§ EXERCISE DESCRIPTION
Among the entries below, find the lines that hold the word "Model" and report them.

-- INPUT DATA follows --

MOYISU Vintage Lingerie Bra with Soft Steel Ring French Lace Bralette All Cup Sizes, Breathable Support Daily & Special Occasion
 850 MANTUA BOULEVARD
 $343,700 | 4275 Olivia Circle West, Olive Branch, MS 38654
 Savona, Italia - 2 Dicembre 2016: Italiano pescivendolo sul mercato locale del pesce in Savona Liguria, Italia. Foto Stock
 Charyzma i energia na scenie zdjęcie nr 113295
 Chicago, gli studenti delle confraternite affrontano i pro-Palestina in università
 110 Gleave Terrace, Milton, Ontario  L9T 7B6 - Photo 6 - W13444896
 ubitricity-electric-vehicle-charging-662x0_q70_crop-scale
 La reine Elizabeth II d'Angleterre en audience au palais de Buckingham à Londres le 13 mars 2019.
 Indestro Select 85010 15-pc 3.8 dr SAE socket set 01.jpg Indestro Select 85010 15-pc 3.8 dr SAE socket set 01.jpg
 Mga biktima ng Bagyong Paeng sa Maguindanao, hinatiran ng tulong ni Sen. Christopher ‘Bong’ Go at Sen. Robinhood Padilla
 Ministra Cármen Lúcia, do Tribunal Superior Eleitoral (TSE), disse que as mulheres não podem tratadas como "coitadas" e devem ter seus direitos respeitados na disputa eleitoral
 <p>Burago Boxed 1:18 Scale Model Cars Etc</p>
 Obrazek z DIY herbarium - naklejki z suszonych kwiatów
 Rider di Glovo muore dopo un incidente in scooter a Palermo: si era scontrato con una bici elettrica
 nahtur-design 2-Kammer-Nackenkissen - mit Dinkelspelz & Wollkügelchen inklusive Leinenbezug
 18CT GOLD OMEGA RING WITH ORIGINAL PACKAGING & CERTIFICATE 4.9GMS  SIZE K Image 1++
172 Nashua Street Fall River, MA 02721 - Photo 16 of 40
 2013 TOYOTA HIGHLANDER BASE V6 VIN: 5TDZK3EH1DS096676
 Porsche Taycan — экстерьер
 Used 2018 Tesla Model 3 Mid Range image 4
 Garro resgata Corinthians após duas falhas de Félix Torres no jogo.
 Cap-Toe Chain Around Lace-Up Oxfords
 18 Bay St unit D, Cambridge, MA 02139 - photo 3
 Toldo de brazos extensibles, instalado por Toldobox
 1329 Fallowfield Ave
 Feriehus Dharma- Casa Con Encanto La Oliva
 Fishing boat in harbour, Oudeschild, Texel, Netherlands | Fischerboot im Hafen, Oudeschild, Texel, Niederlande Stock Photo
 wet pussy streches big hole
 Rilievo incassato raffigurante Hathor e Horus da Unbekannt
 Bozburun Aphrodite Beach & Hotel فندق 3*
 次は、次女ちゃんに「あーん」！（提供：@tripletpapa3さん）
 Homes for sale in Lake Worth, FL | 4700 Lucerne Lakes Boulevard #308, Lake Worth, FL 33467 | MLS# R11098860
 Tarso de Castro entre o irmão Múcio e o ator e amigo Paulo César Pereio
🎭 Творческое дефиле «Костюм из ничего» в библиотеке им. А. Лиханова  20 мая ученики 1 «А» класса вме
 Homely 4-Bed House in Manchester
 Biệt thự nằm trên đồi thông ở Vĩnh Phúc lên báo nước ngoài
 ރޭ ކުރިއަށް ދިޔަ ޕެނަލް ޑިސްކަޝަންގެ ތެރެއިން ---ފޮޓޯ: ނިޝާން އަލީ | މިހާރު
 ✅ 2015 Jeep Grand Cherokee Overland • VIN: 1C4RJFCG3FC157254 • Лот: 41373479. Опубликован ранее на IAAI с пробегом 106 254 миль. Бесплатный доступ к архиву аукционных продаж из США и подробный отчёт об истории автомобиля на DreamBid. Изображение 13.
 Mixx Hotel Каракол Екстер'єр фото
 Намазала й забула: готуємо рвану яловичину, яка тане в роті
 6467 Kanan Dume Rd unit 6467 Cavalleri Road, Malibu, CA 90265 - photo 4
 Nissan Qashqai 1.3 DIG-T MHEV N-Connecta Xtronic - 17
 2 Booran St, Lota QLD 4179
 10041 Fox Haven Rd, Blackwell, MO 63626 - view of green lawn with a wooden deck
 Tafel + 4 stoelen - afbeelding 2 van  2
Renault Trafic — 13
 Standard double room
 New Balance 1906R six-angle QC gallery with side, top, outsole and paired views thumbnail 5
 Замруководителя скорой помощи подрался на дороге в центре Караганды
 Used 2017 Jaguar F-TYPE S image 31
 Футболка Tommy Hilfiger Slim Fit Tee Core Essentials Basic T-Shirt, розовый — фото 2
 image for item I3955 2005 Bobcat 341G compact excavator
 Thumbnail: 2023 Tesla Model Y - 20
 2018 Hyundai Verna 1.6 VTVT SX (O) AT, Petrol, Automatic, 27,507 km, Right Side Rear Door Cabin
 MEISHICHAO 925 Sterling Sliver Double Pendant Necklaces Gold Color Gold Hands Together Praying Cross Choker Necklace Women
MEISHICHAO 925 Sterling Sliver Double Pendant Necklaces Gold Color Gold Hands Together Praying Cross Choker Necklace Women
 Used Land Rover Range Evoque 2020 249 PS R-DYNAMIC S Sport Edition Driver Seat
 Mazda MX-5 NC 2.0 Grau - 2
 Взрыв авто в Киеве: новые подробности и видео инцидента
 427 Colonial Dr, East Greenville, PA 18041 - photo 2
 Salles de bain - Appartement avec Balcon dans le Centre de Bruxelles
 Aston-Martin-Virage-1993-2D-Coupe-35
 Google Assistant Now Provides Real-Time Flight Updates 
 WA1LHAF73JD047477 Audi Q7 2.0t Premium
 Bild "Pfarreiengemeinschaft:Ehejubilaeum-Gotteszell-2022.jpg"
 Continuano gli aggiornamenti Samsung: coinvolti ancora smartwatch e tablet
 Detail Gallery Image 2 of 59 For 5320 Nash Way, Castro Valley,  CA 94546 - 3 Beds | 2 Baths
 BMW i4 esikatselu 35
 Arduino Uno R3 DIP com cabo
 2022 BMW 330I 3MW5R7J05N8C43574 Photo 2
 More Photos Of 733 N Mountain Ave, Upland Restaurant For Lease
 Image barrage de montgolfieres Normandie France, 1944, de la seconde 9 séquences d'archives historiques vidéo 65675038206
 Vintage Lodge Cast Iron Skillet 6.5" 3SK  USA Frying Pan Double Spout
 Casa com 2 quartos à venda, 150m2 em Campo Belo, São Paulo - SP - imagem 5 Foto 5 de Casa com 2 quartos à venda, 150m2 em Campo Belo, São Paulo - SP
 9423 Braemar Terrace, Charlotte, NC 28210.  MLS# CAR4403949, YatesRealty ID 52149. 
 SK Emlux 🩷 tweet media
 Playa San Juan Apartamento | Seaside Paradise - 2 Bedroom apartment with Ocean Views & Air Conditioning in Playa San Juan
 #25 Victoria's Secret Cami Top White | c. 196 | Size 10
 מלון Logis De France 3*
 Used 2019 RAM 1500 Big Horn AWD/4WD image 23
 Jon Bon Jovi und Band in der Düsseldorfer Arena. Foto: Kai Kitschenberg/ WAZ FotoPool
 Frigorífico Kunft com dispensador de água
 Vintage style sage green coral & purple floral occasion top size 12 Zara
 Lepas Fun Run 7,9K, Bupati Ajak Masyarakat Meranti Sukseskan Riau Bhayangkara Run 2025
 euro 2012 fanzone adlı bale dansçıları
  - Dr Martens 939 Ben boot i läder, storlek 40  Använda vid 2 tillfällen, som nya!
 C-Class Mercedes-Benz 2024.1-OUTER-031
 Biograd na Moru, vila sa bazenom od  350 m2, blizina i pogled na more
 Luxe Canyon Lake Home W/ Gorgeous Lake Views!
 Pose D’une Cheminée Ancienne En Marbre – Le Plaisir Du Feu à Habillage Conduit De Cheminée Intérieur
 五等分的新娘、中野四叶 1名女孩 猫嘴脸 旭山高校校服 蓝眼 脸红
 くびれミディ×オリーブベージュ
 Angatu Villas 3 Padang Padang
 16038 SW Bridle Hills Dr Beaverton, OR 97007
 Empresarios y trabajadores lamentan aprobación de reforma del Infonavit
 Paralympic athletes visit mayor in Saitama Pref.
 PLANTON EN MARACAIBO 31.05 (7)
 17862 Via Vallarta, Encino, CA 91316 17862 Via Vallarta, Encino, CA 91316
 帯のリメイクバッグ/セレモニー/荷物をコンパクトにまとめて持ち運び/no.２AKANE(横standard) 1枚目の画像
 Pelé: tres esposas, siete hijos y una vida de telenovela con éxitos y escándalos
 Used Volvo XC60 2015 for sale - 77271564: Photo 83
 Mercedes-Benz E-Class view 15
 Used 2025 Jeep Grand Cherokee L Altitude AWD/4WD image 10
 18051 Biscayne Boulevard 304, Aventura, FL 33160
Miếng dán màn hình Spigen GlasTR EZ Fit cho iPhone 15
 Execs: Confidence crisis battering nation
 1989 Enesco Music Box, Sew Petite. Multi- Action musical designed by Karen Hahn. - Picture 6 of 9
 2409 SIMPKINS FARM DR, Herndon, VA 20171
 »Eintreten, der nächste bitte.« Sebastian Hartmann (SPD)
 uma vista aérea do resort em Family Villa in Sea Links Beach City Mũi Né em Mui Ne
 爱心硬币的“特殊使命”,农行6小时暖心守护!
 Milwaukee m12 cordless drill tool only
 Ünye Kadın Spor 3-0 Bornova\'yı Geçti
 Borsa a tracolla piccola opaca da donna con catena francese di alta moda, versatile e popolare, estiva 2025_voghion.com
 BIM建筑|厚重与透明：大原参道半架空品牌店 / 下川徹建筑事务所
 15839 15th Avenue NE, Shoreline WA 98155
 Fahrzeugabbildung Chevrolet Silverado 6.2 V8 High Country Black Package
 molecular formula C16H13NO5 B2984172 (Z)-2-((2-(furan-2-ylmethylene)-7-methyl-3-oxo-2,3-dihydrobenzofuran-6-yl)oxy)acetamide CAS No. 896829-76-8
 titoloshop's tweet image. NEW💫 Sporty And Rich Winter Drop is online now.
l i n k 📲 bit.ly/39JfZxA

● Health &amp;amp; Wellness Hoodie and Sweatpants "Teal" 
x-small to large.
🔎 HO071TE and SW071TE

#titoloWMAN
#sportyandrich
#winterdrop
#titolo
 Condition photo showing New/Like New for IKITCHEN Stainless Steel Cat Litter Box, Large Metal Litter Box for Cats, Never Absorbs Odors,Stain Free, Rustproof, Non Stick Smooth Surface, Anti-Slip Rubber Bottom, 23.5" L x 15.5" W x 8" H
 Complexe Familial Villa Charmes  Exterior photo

-- INPUT DATA concluded --

§ EXERCISE RESPONSE
 <p>Burago Boxed 1:18 Scale Model Cars Etc</p>
 Used 2018 Tesla Model 3 Mid Range image 4
 Thumbnail: 2023 Tesla Model Y - 20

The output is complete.